Embora a sua prosa seja elegante e poderosa, o seu conteúdo é violento, mórbido e perturbador. A beleza é um meio que O'Connor utiliza para ir além da vaidade e do pecado, para que ao encontrar-se a si próprio, se possa também encontrar Deus. A morte da avó é, em toda a sua violência, um acto de redenção. Pela primeira vez na história, a avó aceita a oportunidade de amar outro. Ela reconhece a sua identidade como mãe, pronta a amar o homem que tem a sua vida nas suas mãos. Para O'Connor, é o momento de graça a que somos chamados. A vida, o trabalho e o tempo vêm no momento em que os aceitamos".

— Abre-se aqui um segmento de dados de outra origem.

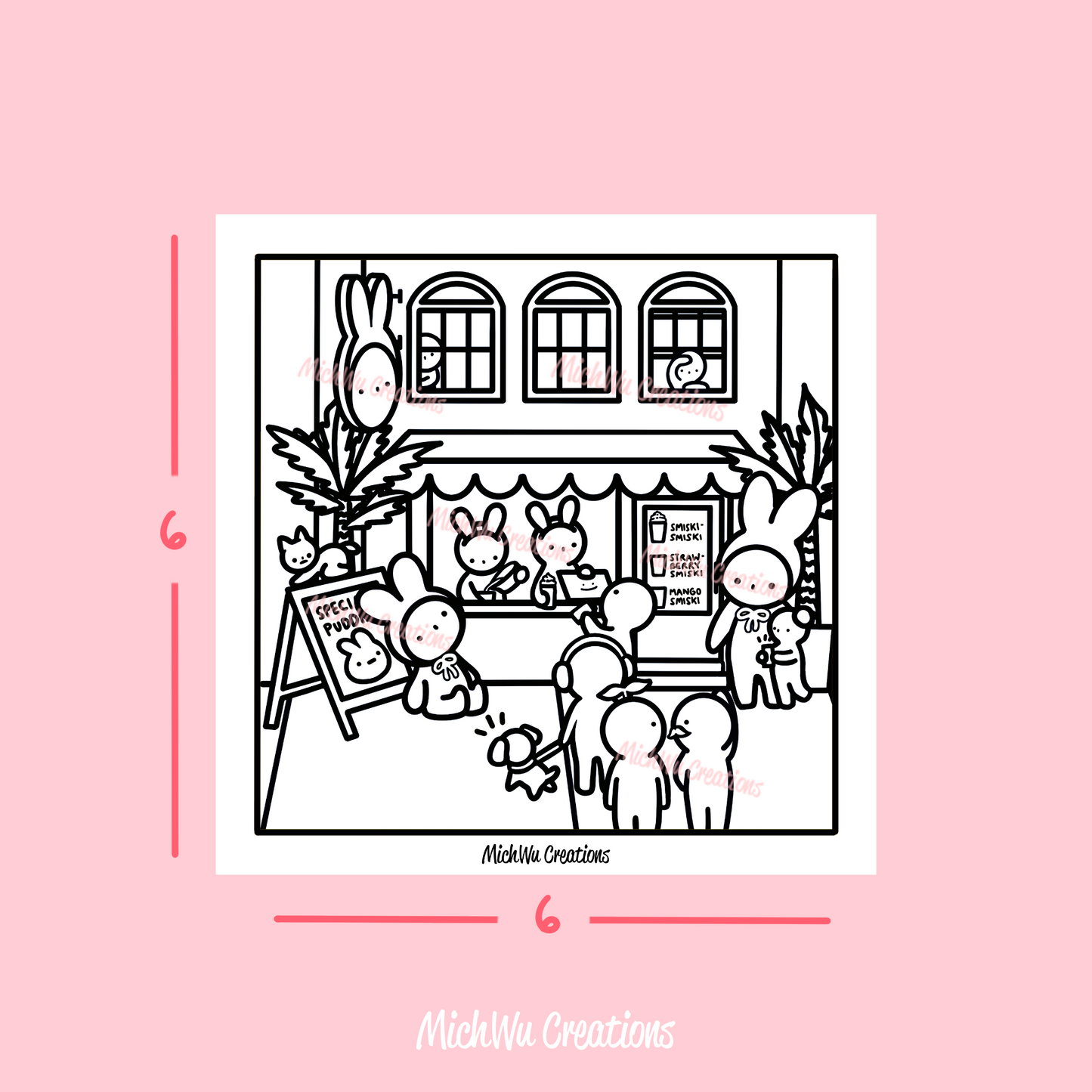 Bunny Matcha Smiski Cafe Coloring Sheet | physical print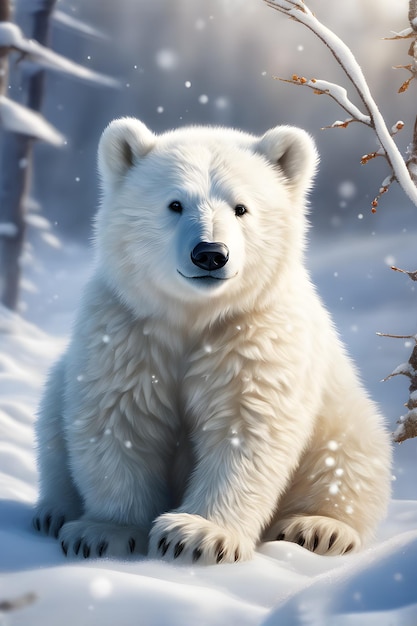 Photo beautiful white bear on a winter background with snow in backlight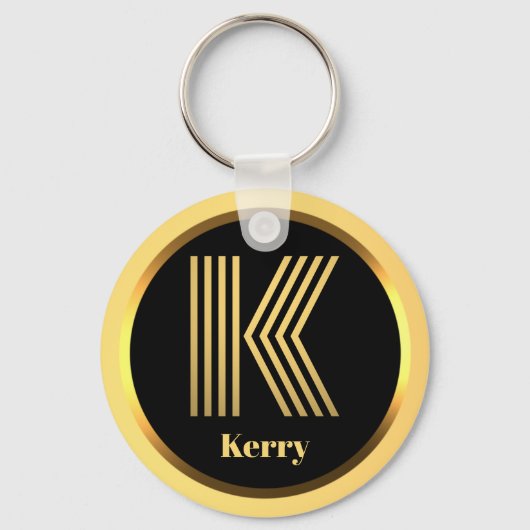 K Gold Monogrammed Letter Personal Sleutelhanger (Voorkant)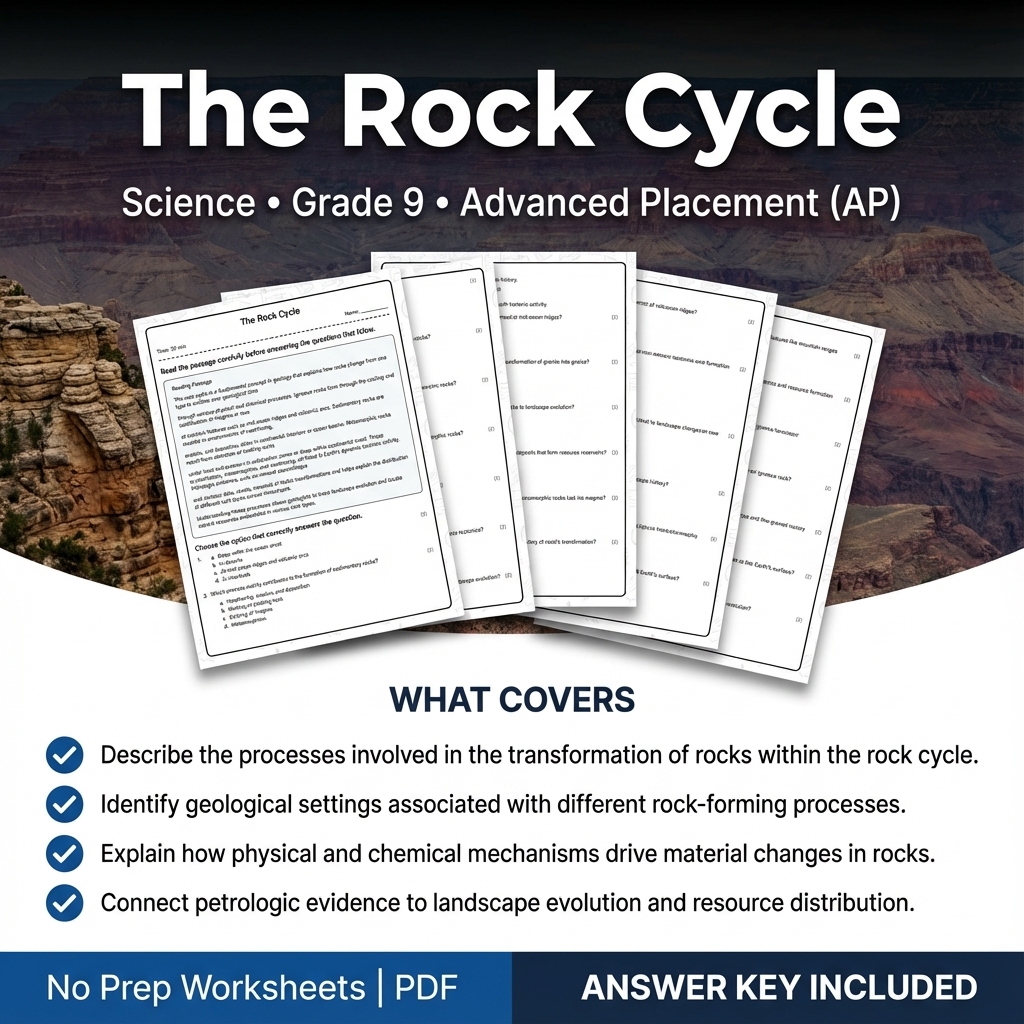 Grade 9 Science Worksheets Bundle | Physics, Earth Science & Biology  — included worksheet 11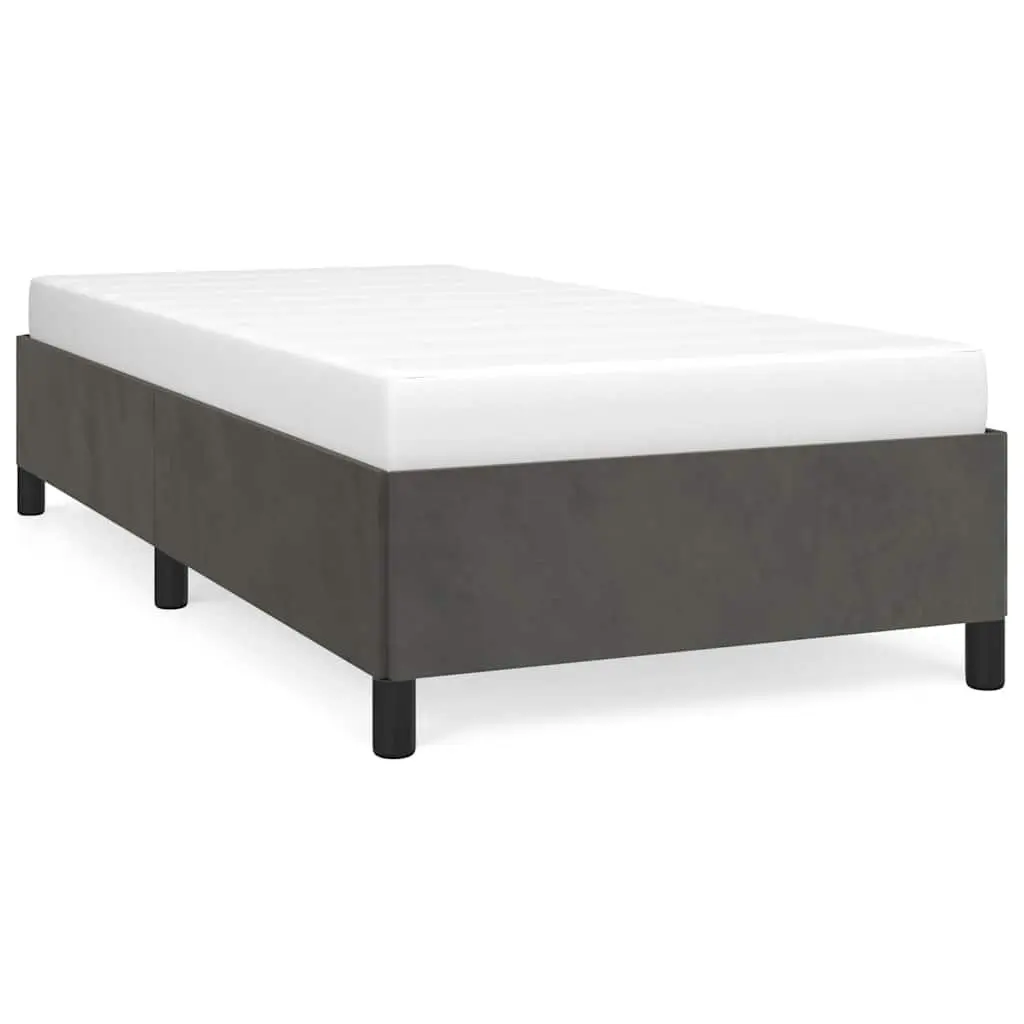 King Single Bed Frame Grey Velvet Upholstered Support Legs Plywood Slats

Lá se vai a poderosa descrição de Teresa Kamel da abordagem de Flannery O'Connor à sua história. Um bom homem é difícil de encontrar. Esta e as suas outras histórias são uma leitura altamente recomendada para aqueles que querem ser espancados. Embora talvez não seja adequado para pessoas mais sensíveis, O'Connor pode fazer reagir alguns dos jovens de hoje.